Leaving out the pictures, print exactly the lines from the one holding "Nicholas K Serius Sweatshirt Size Medium" to the last line of the entries below, both included, and nothing more.

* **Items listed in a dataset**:
========================================
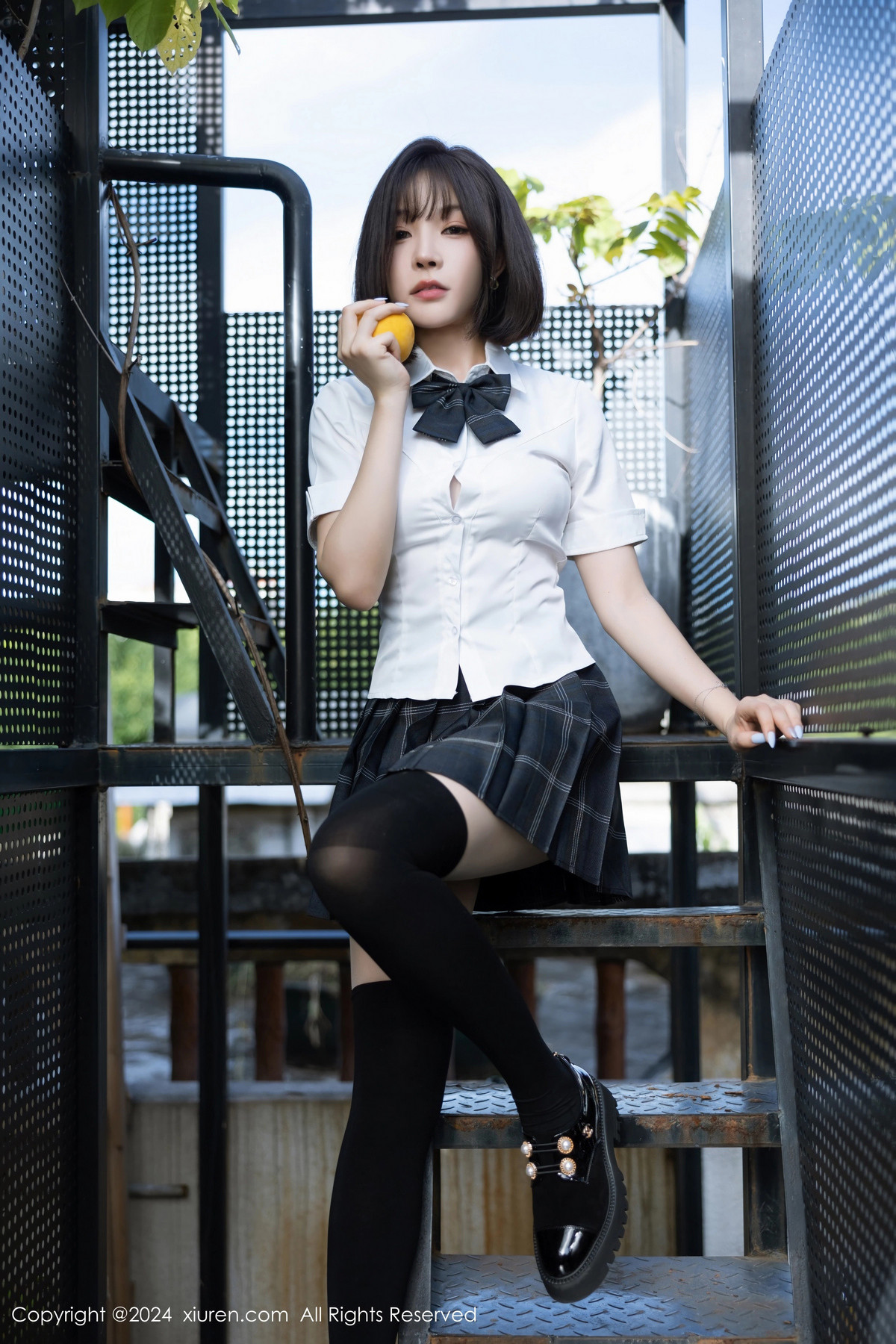 [XiuRen]高清写真图 2024.07.01 No.8785 徐莉芝Booty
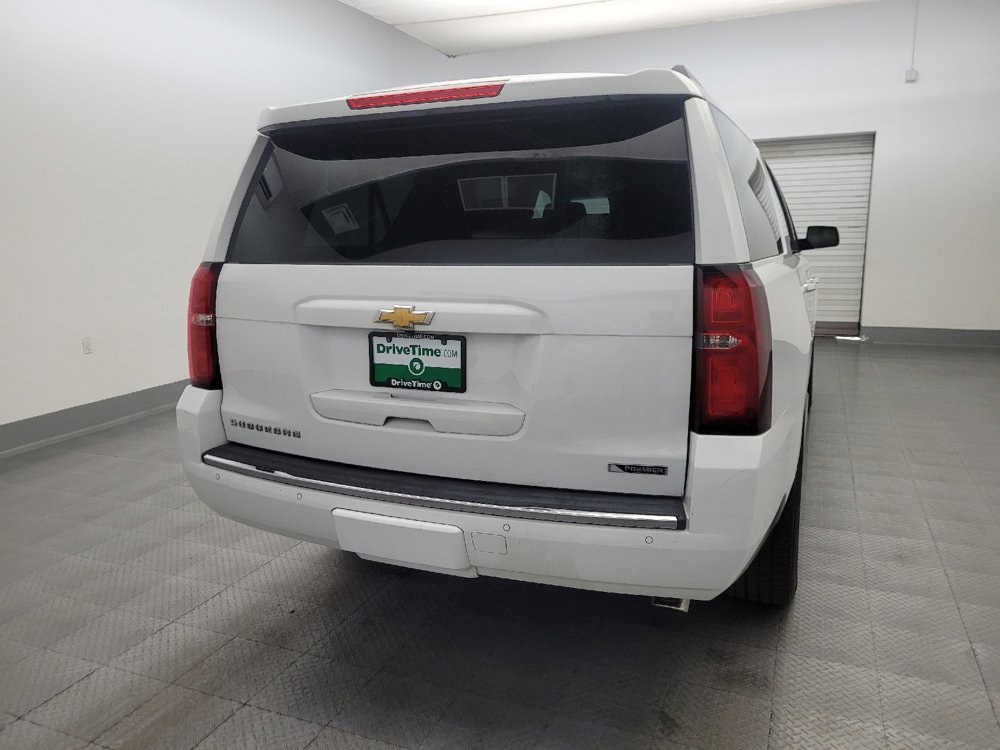 Used 2017 Chevrolet Suburban Premier image 7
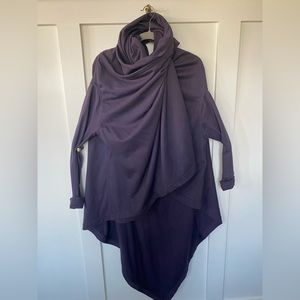 Nicholas K Serius Sweatshirt Size Medium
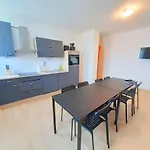 Lägenhet Steelcity *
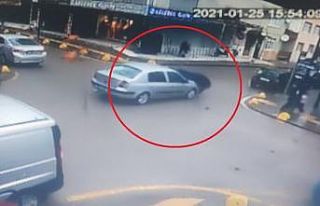 Otomobille çarpışan motosiklet sürücüsü ölümden...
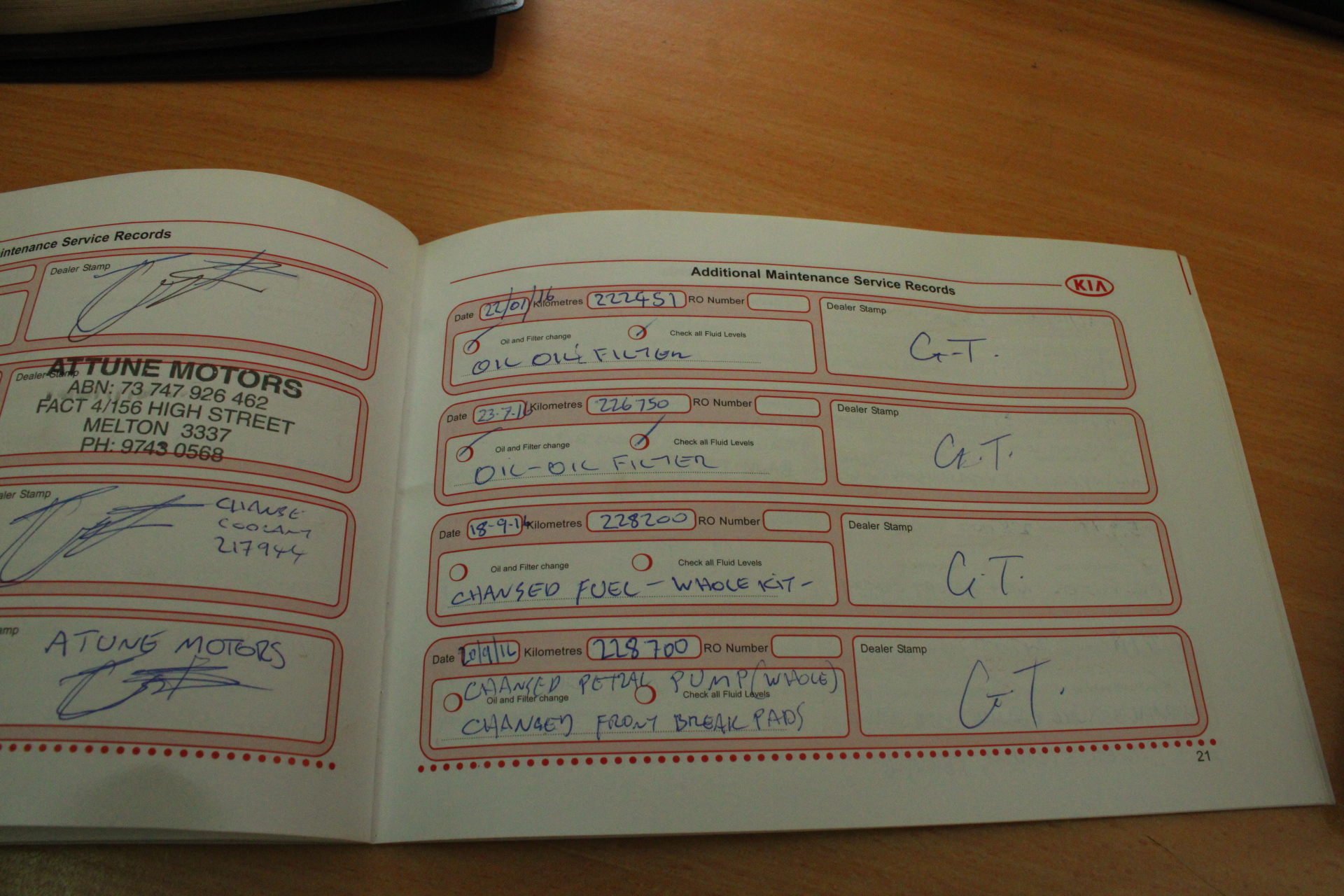 Mix Brand Mix Model Massage Guns (Lot of 8)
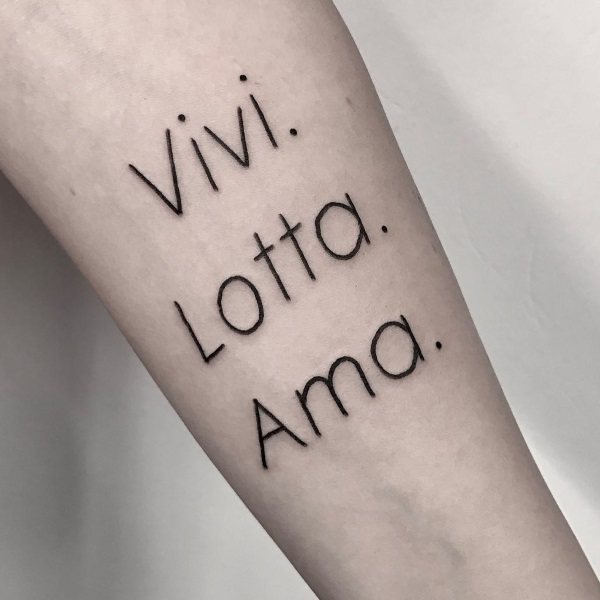 Les plus beaux mots en italien pour nik, nom de magasin, marque, femme, homme, tatouage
========================================
* **Exercise output**:
 Nicholas K Serius Sweatshirt Size Medium
 Lägenhet Steelcity *
 Otomobille çarpışan motosiklet sürücüsü ölümden...
 Mix Brand Mix Model Massage Guns (Lot of 8)
 Les plus beaux mots en italien pour nik, nom de magasin, marque, femme, homme, tatouage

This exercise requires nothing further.